La suppression de l’enseignement de la technologie en classe de 6e à la rentrée 2023 témoigne de la tendance structurelle à réduire la possibilité pour les élèves d’apprendre de leurs mains. Pourtant, nous en sommes convaincus, l’apprentissage par la matière doit être un des fondements de l’éducation du XXIe siècle. Car, dans un contexte de transition écologique et sociale, impliquant un changement de paradigme dans nos façons de produire, de consommer et d’habiter les territoires, les métiers de demain seront les métiers de main. Il est donc urgent d’adapter nos modèles éducatifs et de doter la jeune génération d’une véritable culture matérielle.

Notre système éducatif, une fois le primaire passé, privilégie la transmission des savoirs théoriques au détriment des apprentissages pratiques. Or, détacher la main de la tête prive d’une expérience sensible du monde : les élèves sont amputés de leur capacité de mouvement et de leur sensorialité, avec des conséquences dramatiques sur leur motricité fine. Apprendre par le corps en mouvement est pourtant indispensable pour stimuler la pensée. En passant par la matière, les concepts deviennent concrets : la fabrication d’une table mobilise ainsi des compétences en mathématiques, en sciences mais aussi en histoire et en géographie.

Cultiver une écologie de l’attention

Nous devons systématiser l’apprentissage par la matière dans toutes les disciplines afin de recoudre ensemble savoir-faire théorique et expérience pratique, et permettre aux jeunes de développer leurs fonctions exécutives et la conscience unifiée de leur intelligence – dont la main et la pensée sont les deux faces d’une même pièce qui fait notre humanité, selon l’anthropologue André Leroi-Gourhan.

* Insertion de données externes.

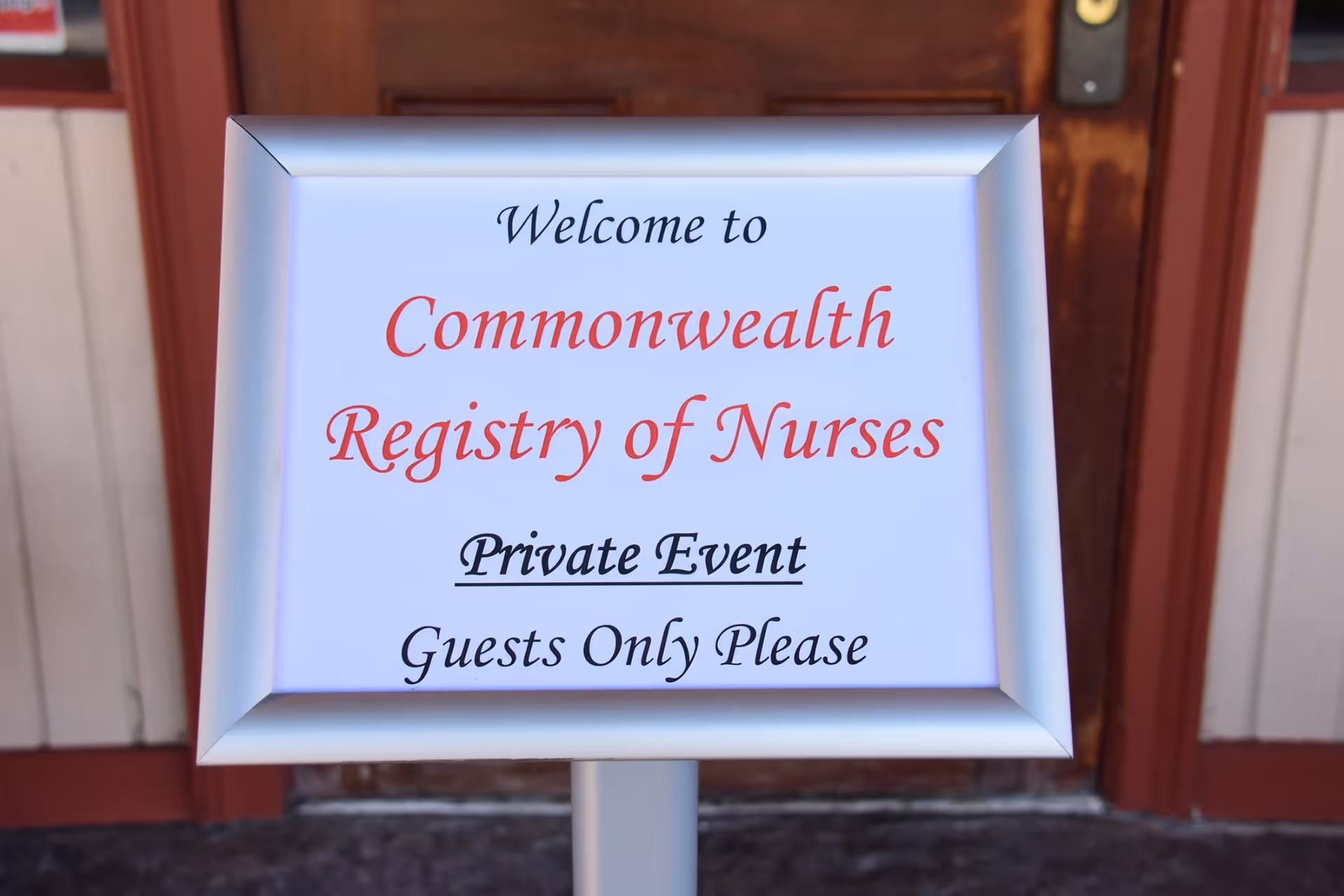 A framed sign reads Welcome to Commonwealth Registry of Nurses near a doorway.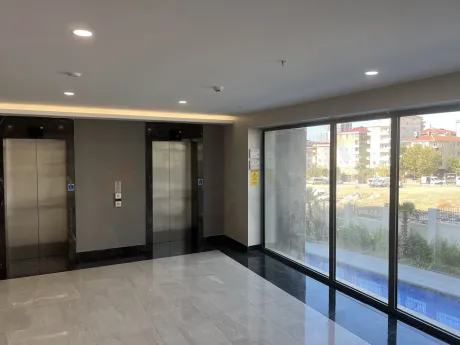 Interior view of a modern and stylish elevator cabin in a contemporary building
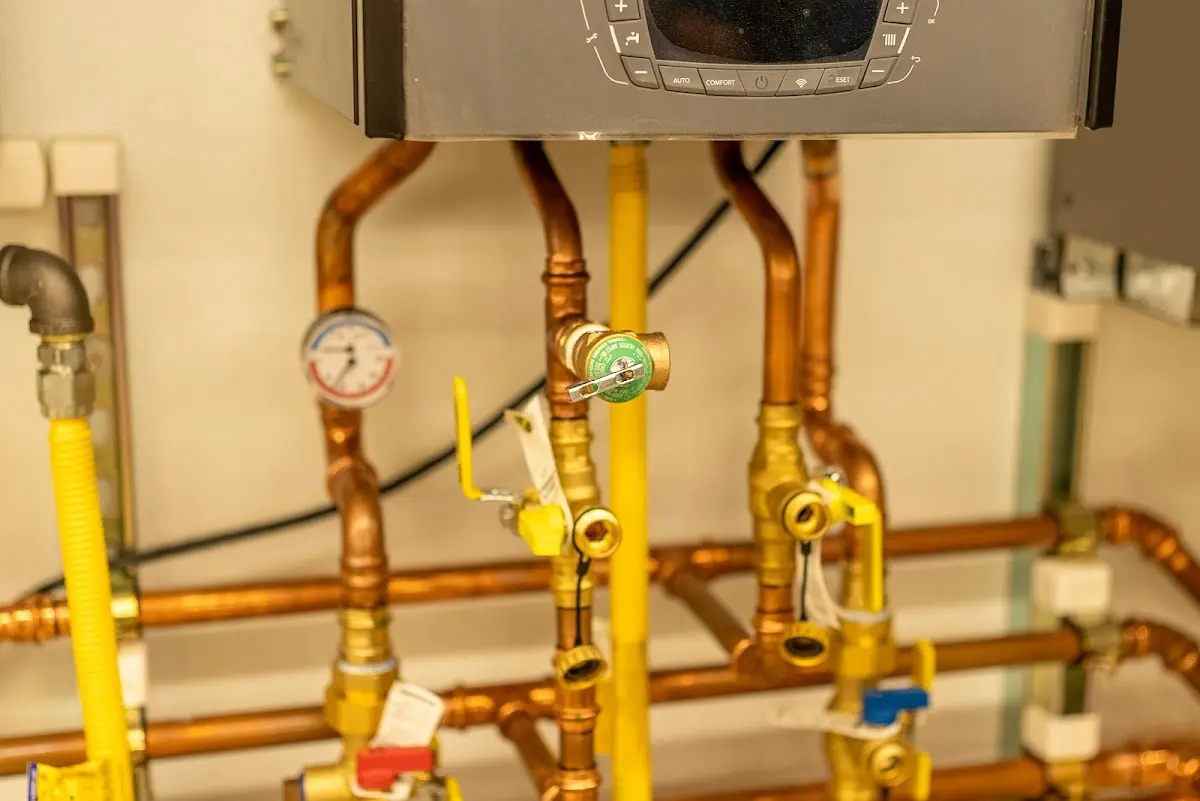 Licensed technician providing Backflow Prevention for a homeowner in Amherst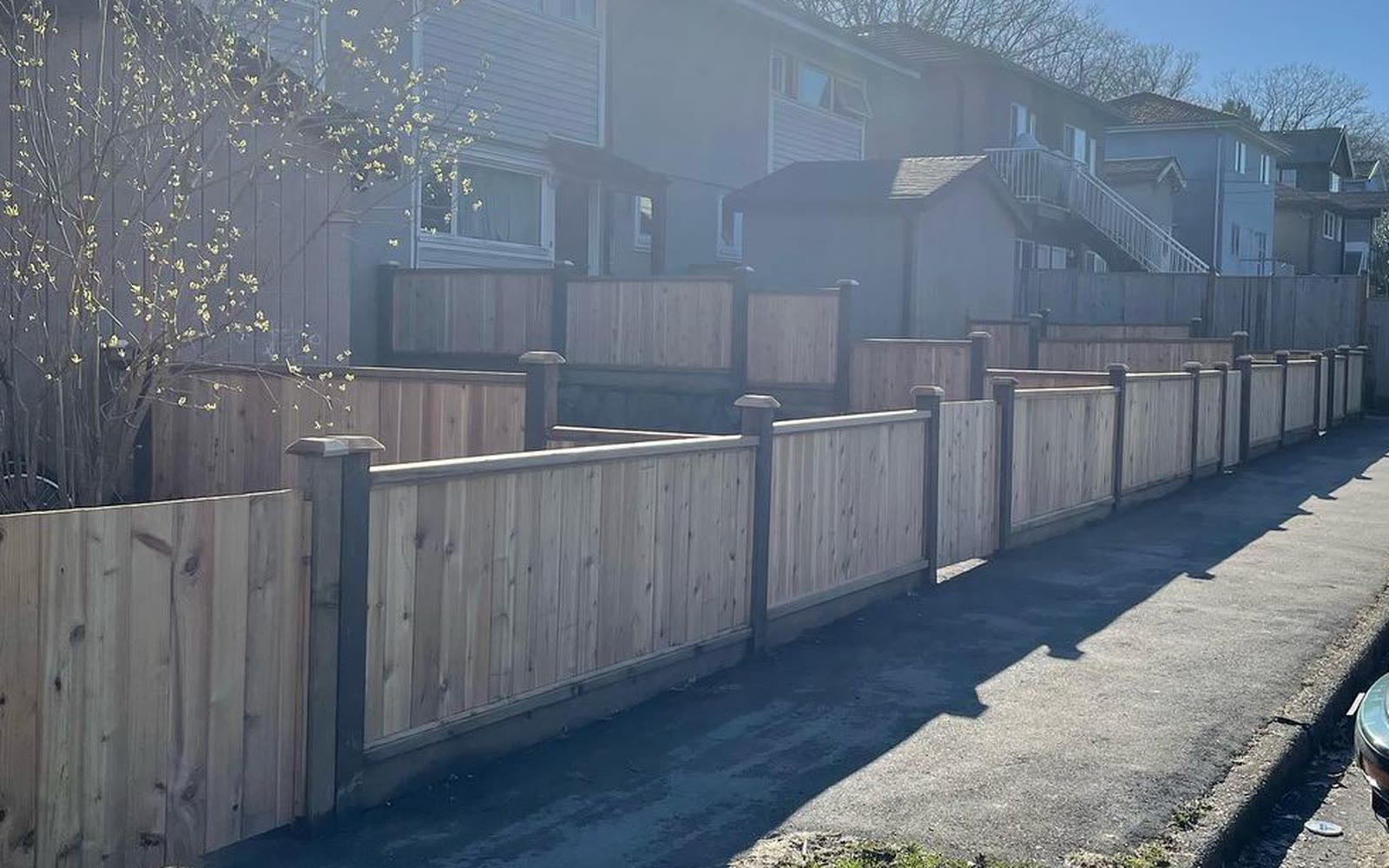 A new cedar fence with capped posts running along a shared walkway at a multi-unit residential property, with a second run enclosing unit patios across the lawn.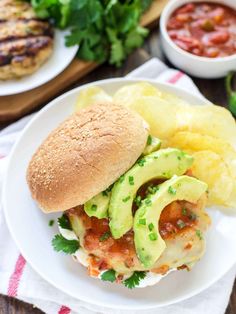 a sandwich with meat, cheese and avocado is on a plate next to potato wedges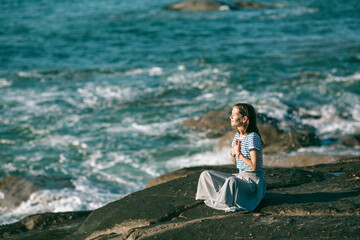 A young yoga woman meditates in the lotus position sitting on the ocean coast.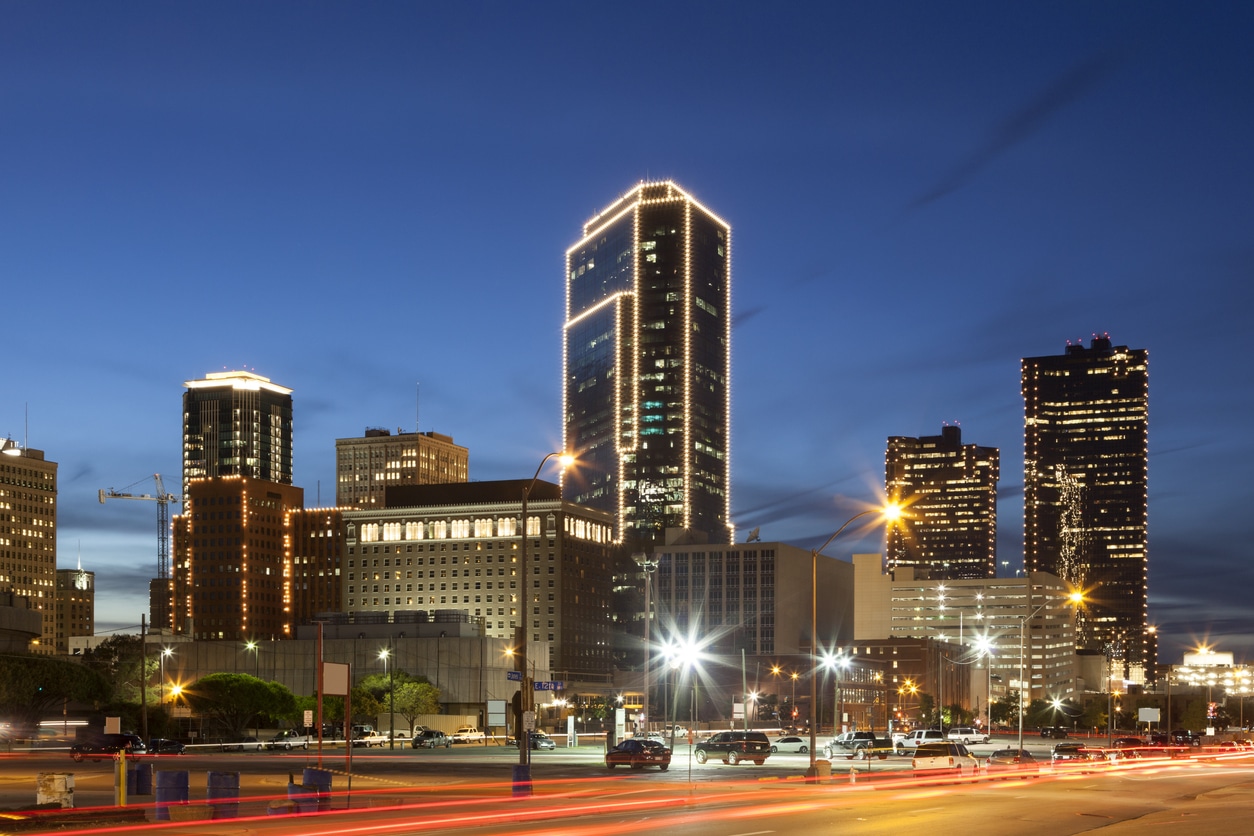 Nighttime cityscape of downtown Fort Worth, Texas, with lit-up skyscrapers and traffic light trails on a busy street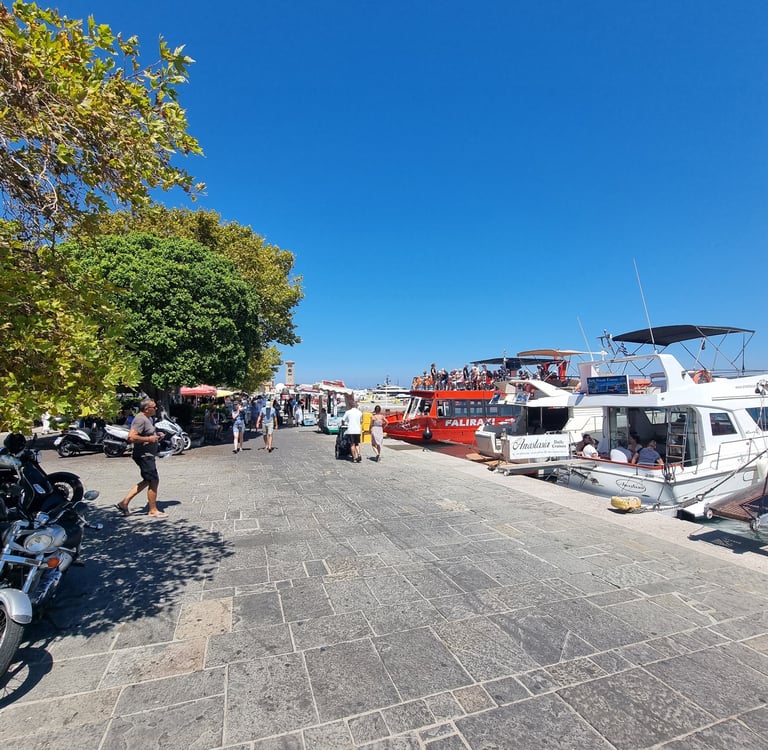 Crowded Mandraki Harbor in Rhodes Greece with tourist boats moored along the stone promenade under a blue sky.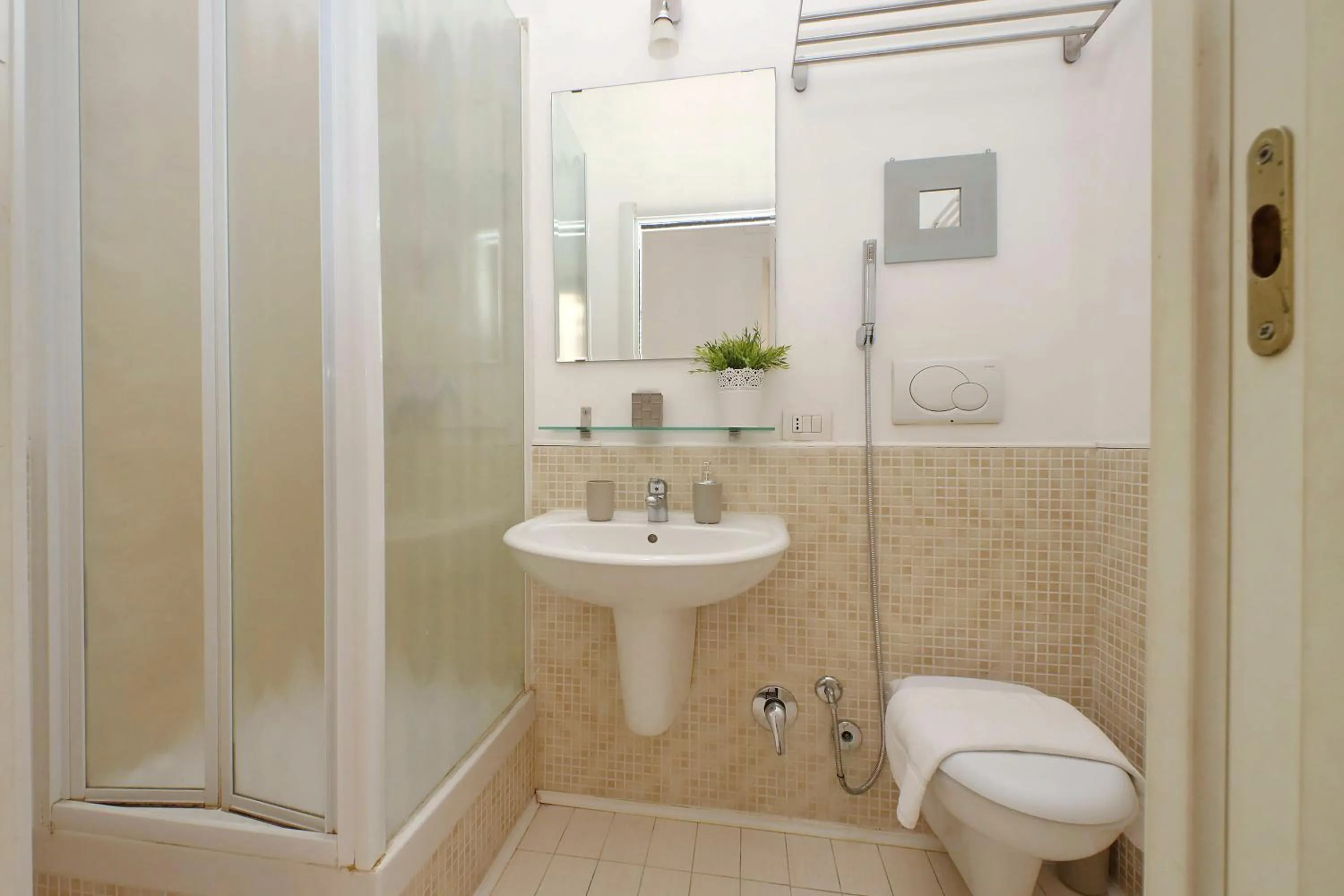 Bathroom in Opera Inn Suites - Rooms and Apartments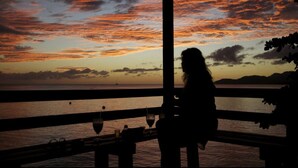 Silueta de una persona sentada a una mesa con vista al atardecer sobre el océano.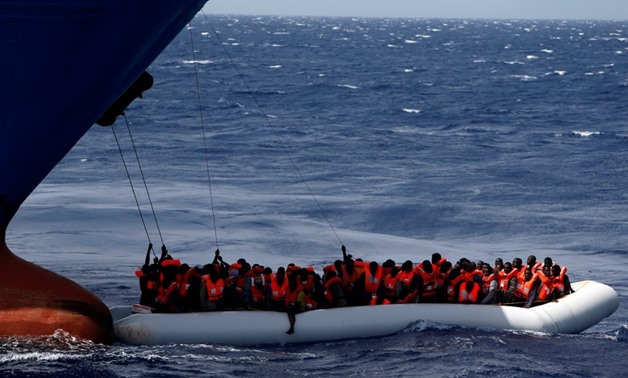 FILE - Migrants rescued in the Mediterranean - Reuters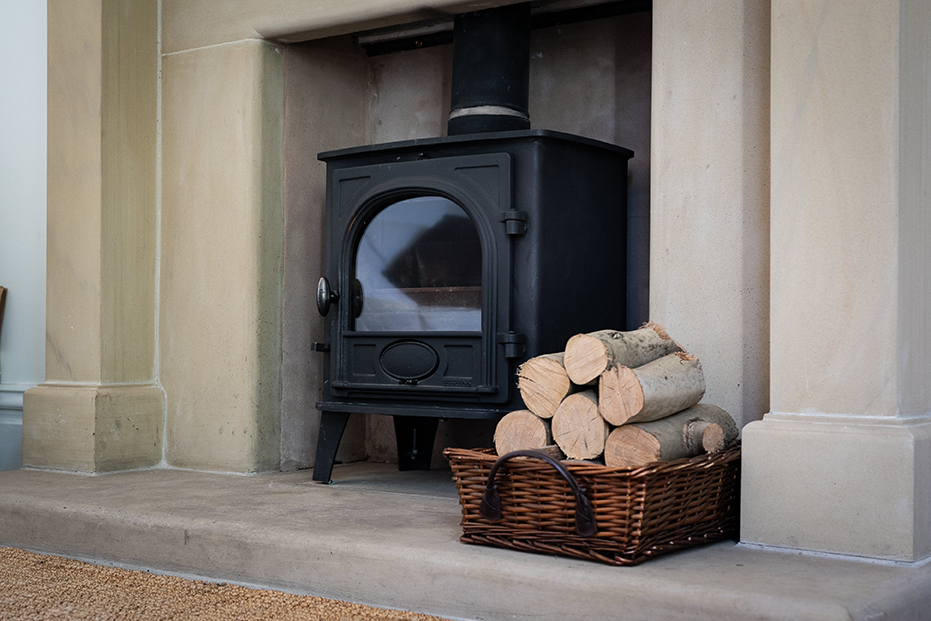Photo of log burner and stone hearth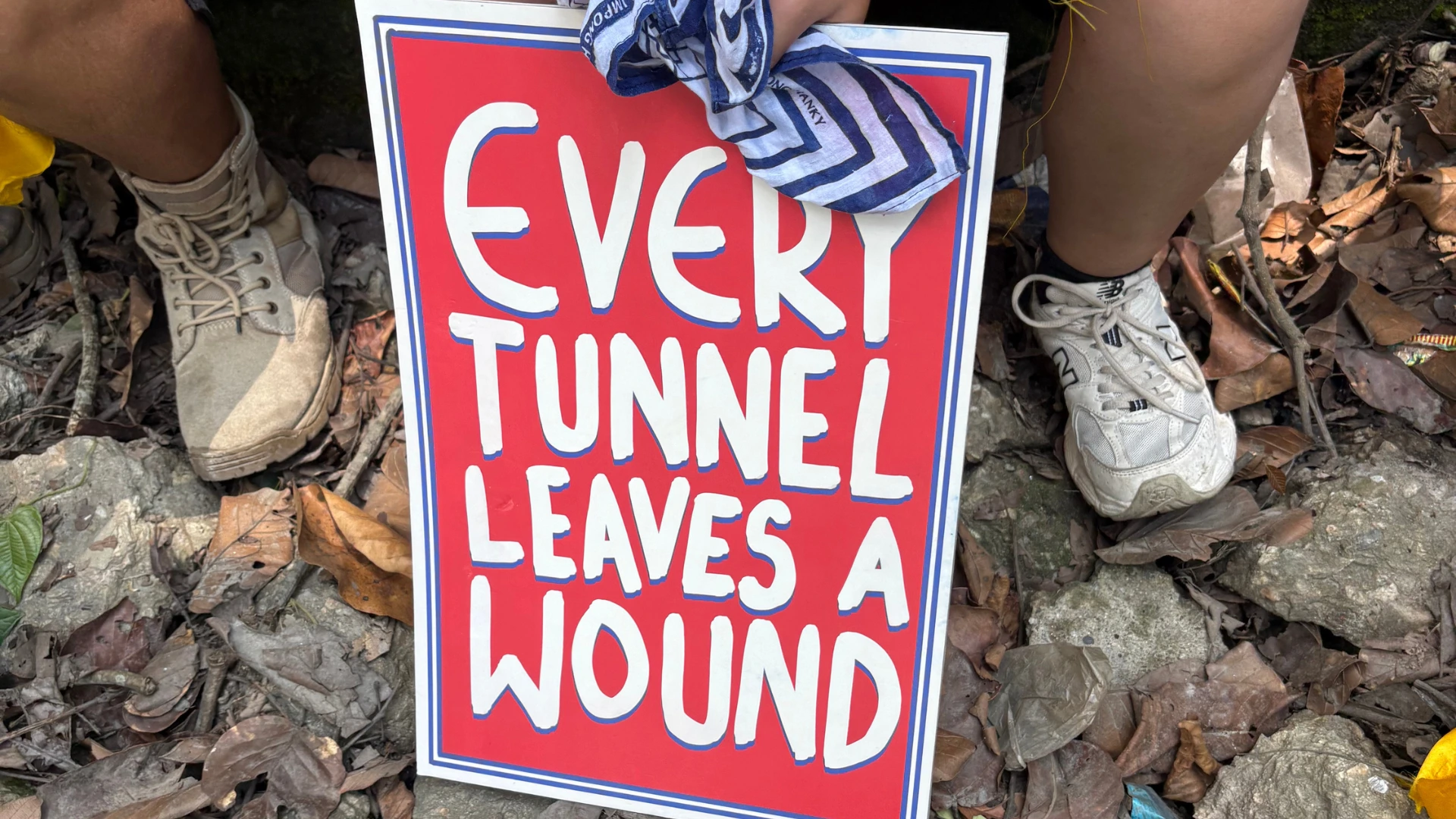 a placard with the text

Notre système éducatif doit aussi prendre la mesure de la menace que représente la consommation des médias sociaux par les jeunes – près de six à huit heures par jour : leur permettre de distinguer le réel du virtuel est aujourd’hui un enjeu de santé publique. Or le travail manuel convoque les enfants à l’endroit du réel et leur permet de cultiver une véritable écologie de l’attention face à l’attraction des écrans, qui nuit à leur concentration et à leur faculté de discernement.